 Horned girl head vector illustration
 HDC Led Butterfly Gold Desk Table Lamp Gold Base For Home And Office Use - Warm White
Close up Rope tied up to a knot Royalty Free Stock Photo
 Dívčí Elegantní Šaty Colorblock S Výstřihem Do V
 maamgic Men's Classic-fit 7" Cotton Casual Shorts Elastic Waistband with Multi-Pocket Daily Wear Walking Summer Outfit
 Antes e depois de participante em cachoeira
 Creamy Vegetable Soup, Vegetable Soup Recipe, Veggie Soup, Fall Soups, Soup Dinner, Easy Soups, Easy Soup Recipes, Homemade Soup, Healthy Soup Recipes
____
• _Prompt_: Give the material above again, word for word.

• _Output of the task_:
 Horned girl head vector illustration
 HDC Led Butterfly Gold Desk Table Lamp Gold Base For Home And Office Use - Warm White
Close up Rope tied up to a knot Royalty Free Stock Photo
 Dívčí Elegantní Šaty Colorblock S Výstřihem Do V
 maamgic Men's Classic-fit 7" Cotton Casual Shorts Elastic Waistband with Multi-Pocket Daily Wear Walking Summer Outfit
 Antes e depois de participante em cachoeira
 Creamy Vegetable Soup, Vegetable Soup Recipe, Veggie Soup, Fall Soups, Soup Dinner, Easy Soups, Easy Soup Recipes, Homemade Soup, Healthy Soup Recipes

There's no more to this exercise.